What to do:
Every record that follows should be written out word for word; the pictures stay out.

Data for the task:
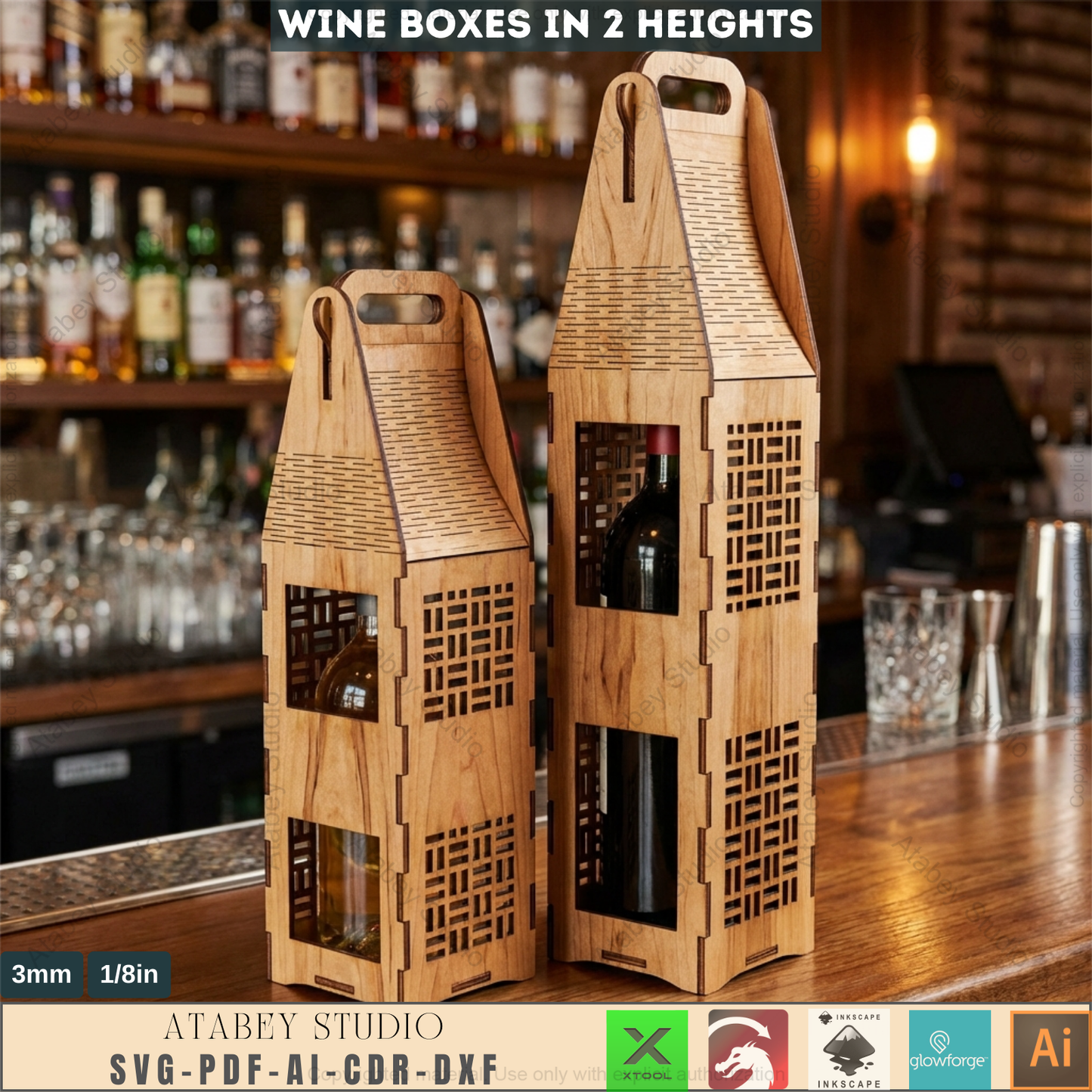 Laser Cut Wine Bottle Gift Box Bundle Wooden Wine Carrier with Handle DIY Elegant Wine Holder 986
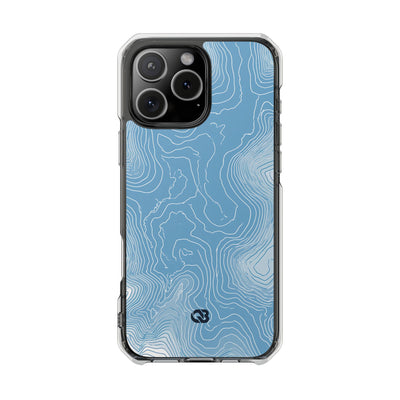 Blue Impact MagSafe Phone Case for iPhone - Glacial Ridge Topo
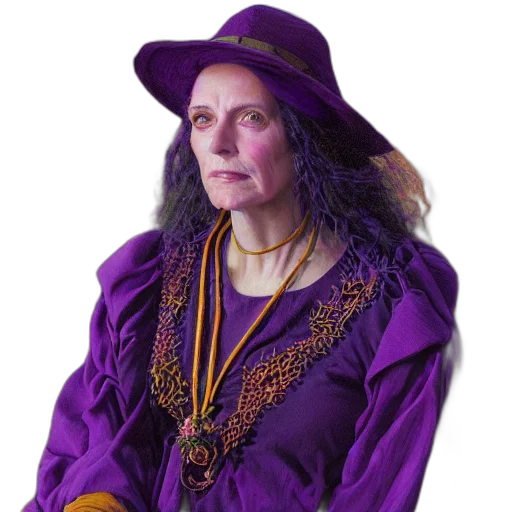 hat, staff, jewelry, face, portrait, witch, wearing, purple transparent PNG cut-out
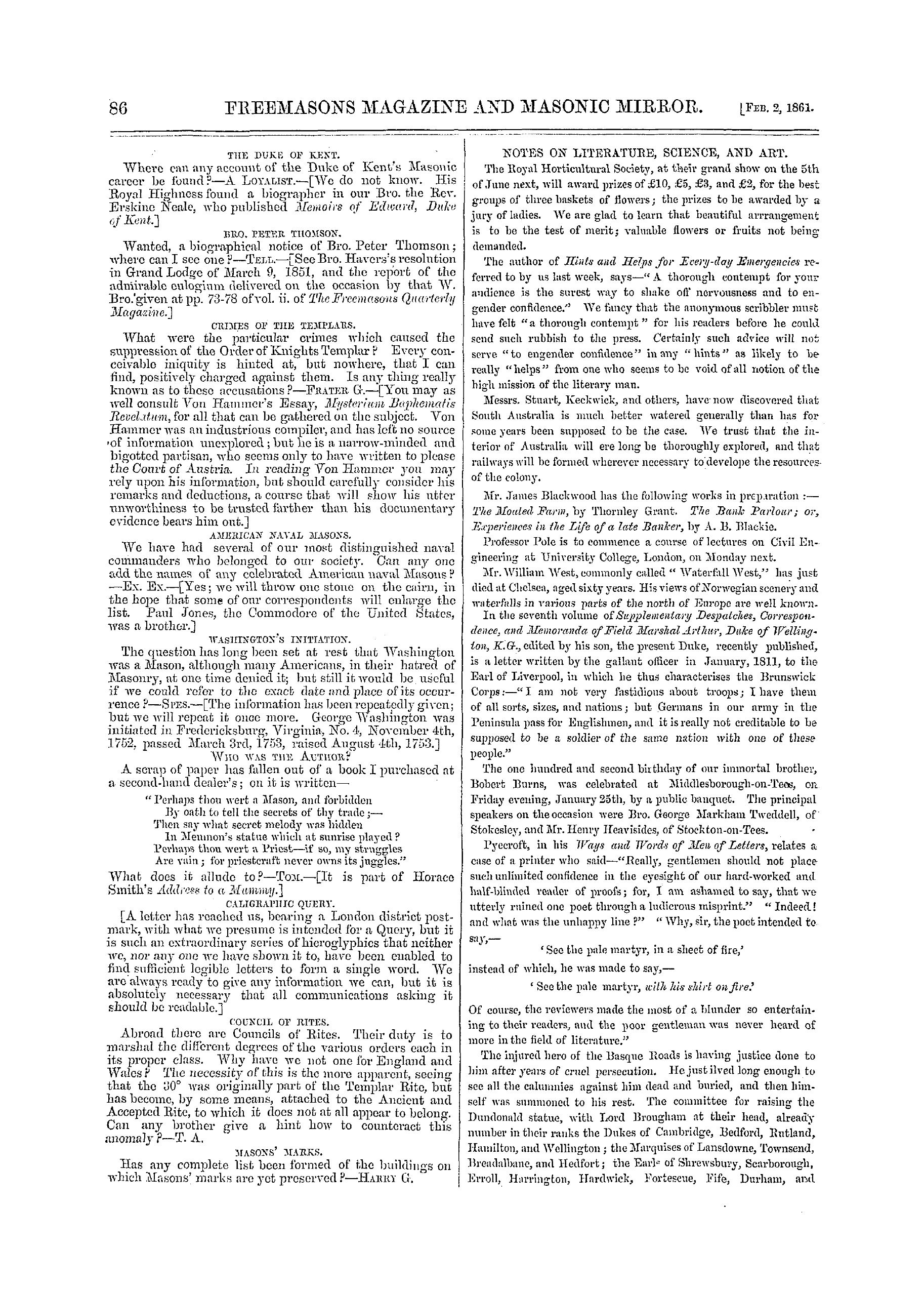 The Freemasons' Monthly Magazine: 1861-02-02: 6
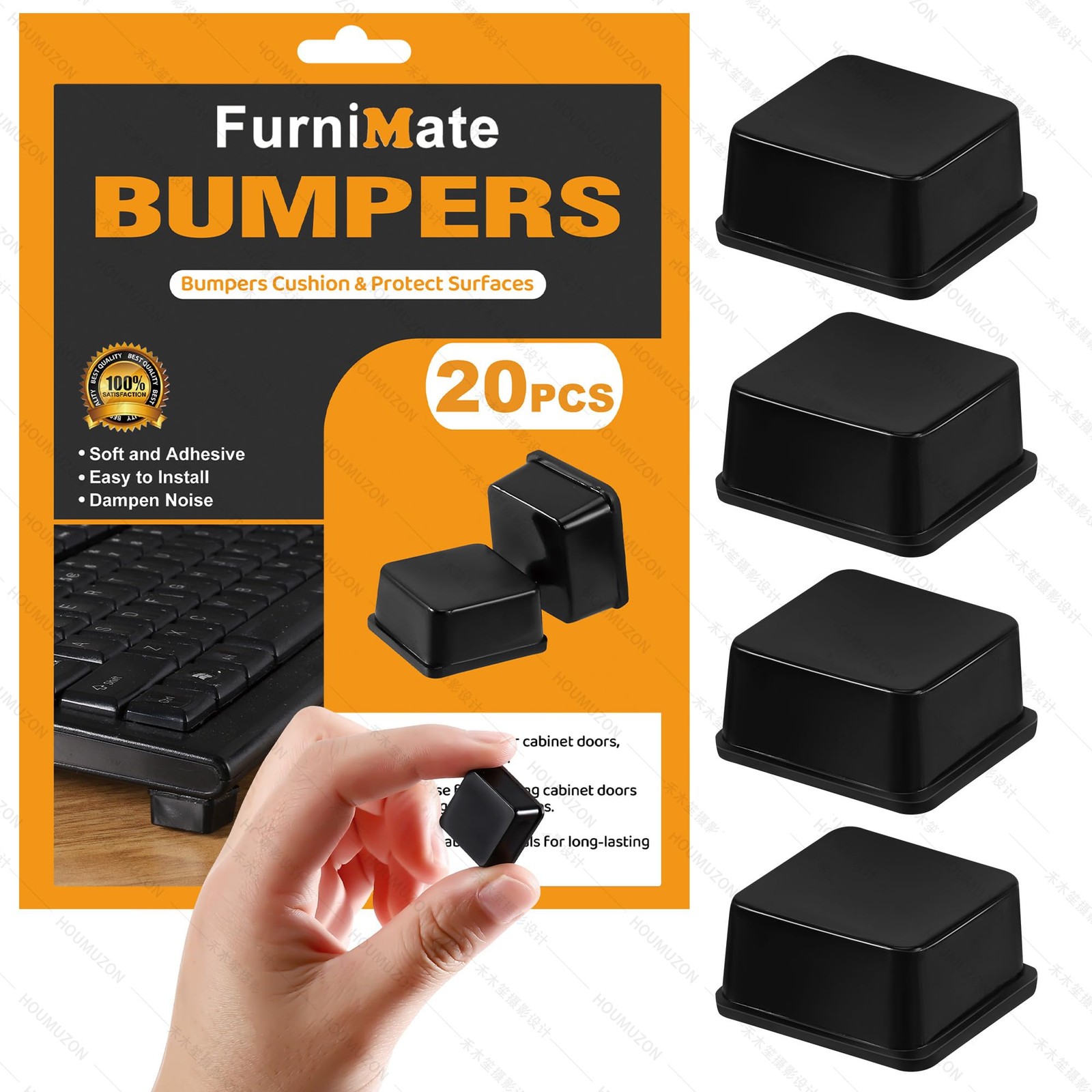 Rubber Feet for Electronics 20PCS Square - Black Black, Bumpers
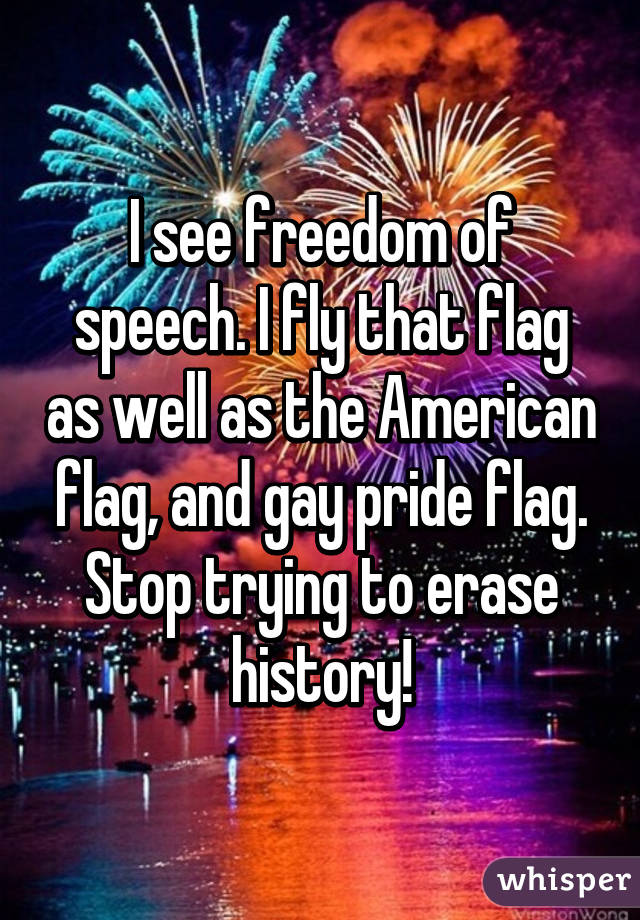 I see freedom of speech. I fly that flag as well as the American flag, and gay pride flag. Stop trying to erase history!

Answer to this problem:
 Laser Cut Wine Bottle Gift Box Bundle Wooden Wine Carrier with Handle DIY Elegant Wine Holder 986
 Blue Impact MagSafe Phone Case for iPhone - Glacial Ridge Topo
 hat, staff, jewelry, face, portrait, witch, wearing, purple transparent PNG cut-out
 The Freemasons' Monthly Magazine: 1861-02-02: 6
 Rubber Feet for Electronics 20PCS Square - Black Black, Bumpers
 I see freedom of speech. I fly that flag as well as the American flag, and gay pride flag. Stop trying to erase history!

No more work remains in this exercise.